◆ ABOUT THIS EXERCISE
Each record is to be printed again exactly, though not its pictures.

-------------------------

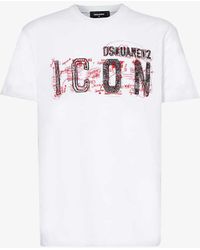 DSquared² - Icon Logo-print Regular-fit Cotton-jersey T-shirt - Lyst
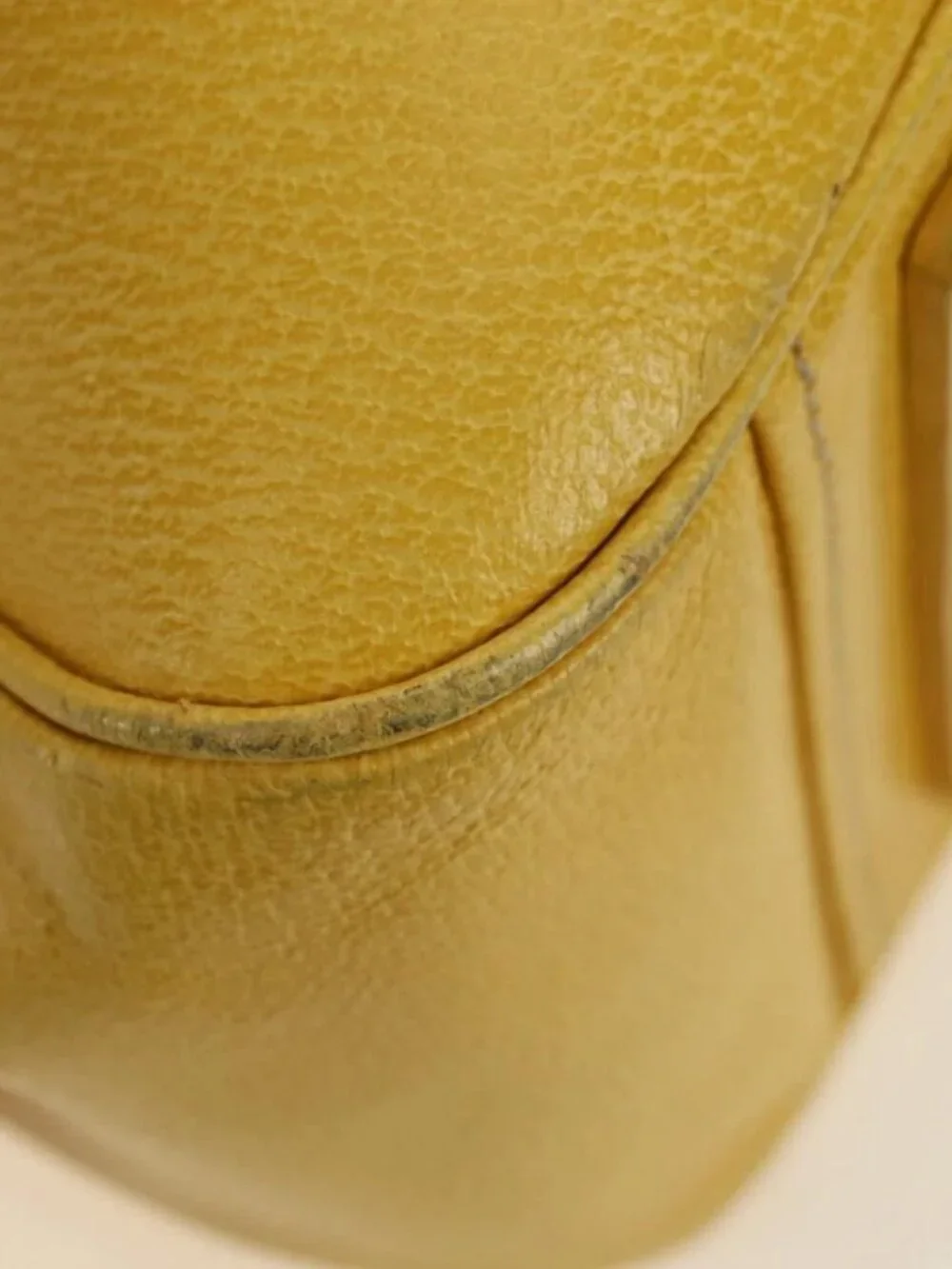 PRADA Hand Bag Canvas Leather Beige Yellow Silver Auth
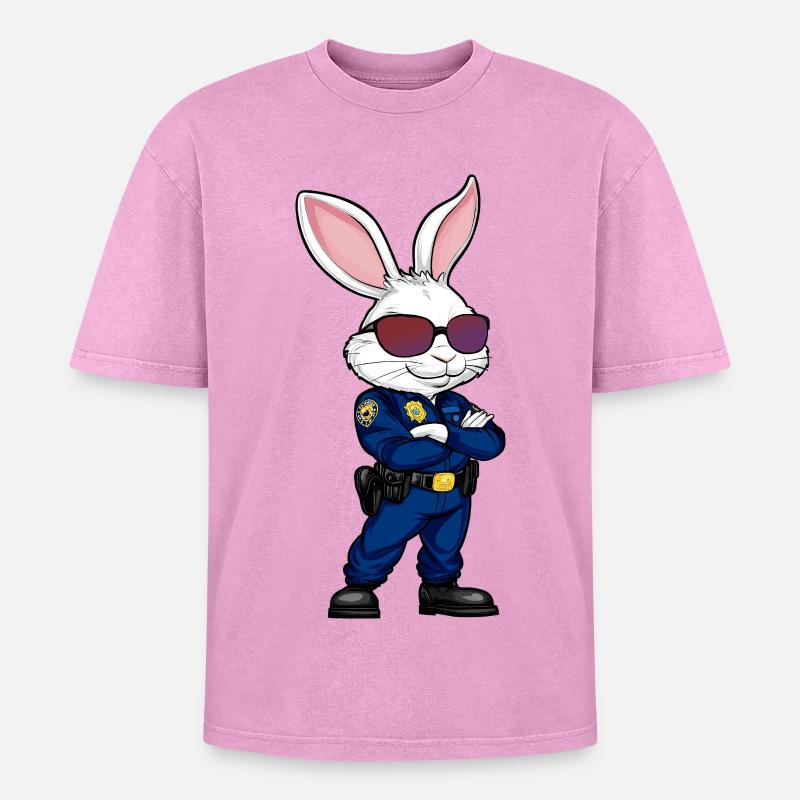 Rabbit Policeman - Oversized Unisex Premium Acid-Washed T-Shirt - acid washed pink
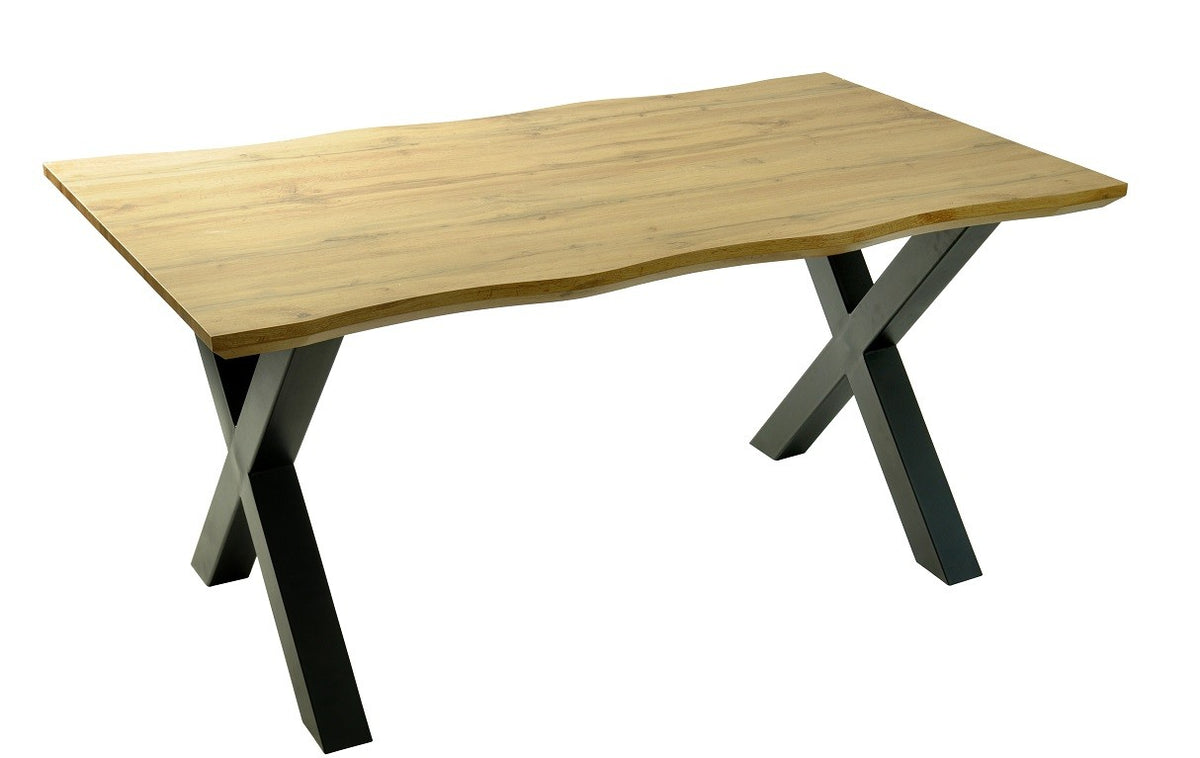 Mesa LERMA 160, metal, negro, tapa DM bilaminado 160 x 90 cms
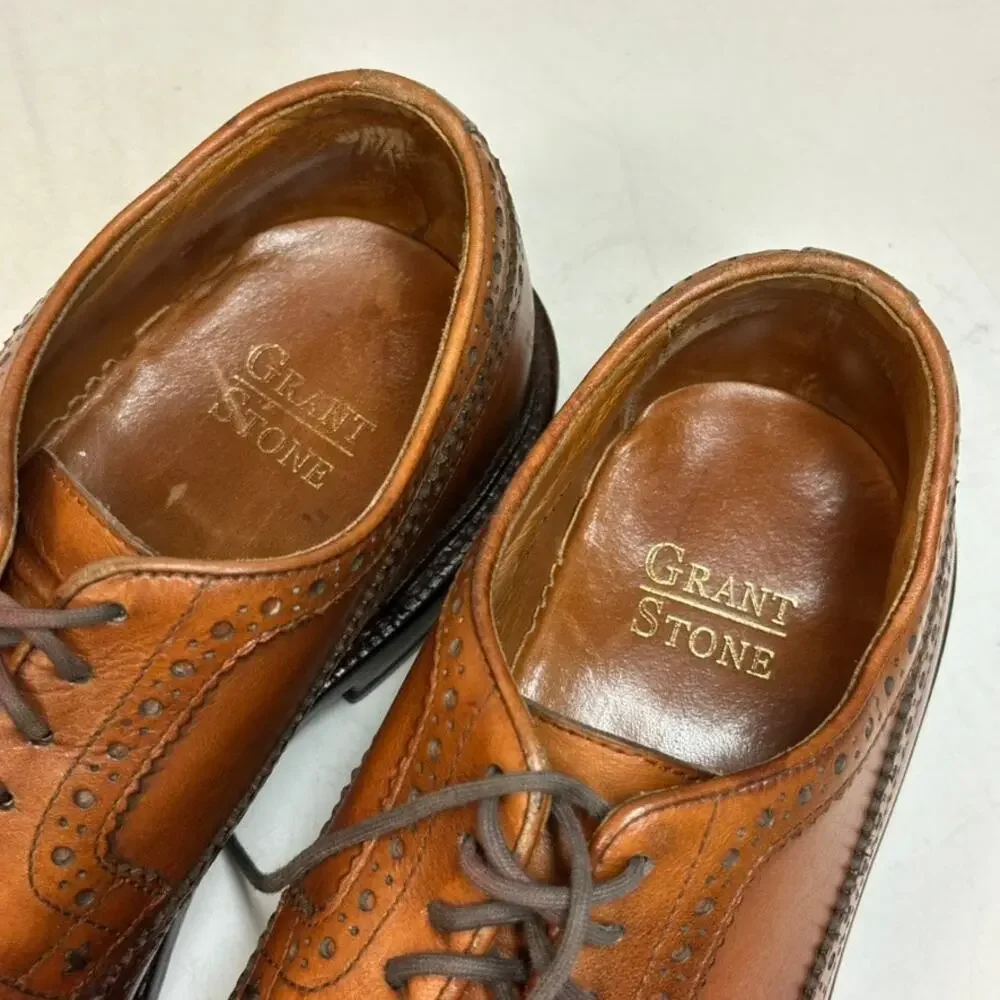 NEW HEELS Grant Stone Longwing Derby Brogue Longwing Chestnut Calf 8.5 D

-------------------------

◆ RESULT FOR THIS TASK
 DSquared² - Icon Logo-print Regular-fit Cotton-jersey T-shirt - Lyst
 PRADA Hand Bag Canvas Leather Beige Yellow Silver Auth
 Rabbit Policeman - Oversized Unisex Premium Acid-Washed T-Shirt - acid washed pink
 Mesa LERMA 160, metal, negro, tapa DM bilaminado 160 x 90 cms
 NEW HEELS Grant Stone Longwing Derby Brogue Longwing Chestnut Calf 8.5 D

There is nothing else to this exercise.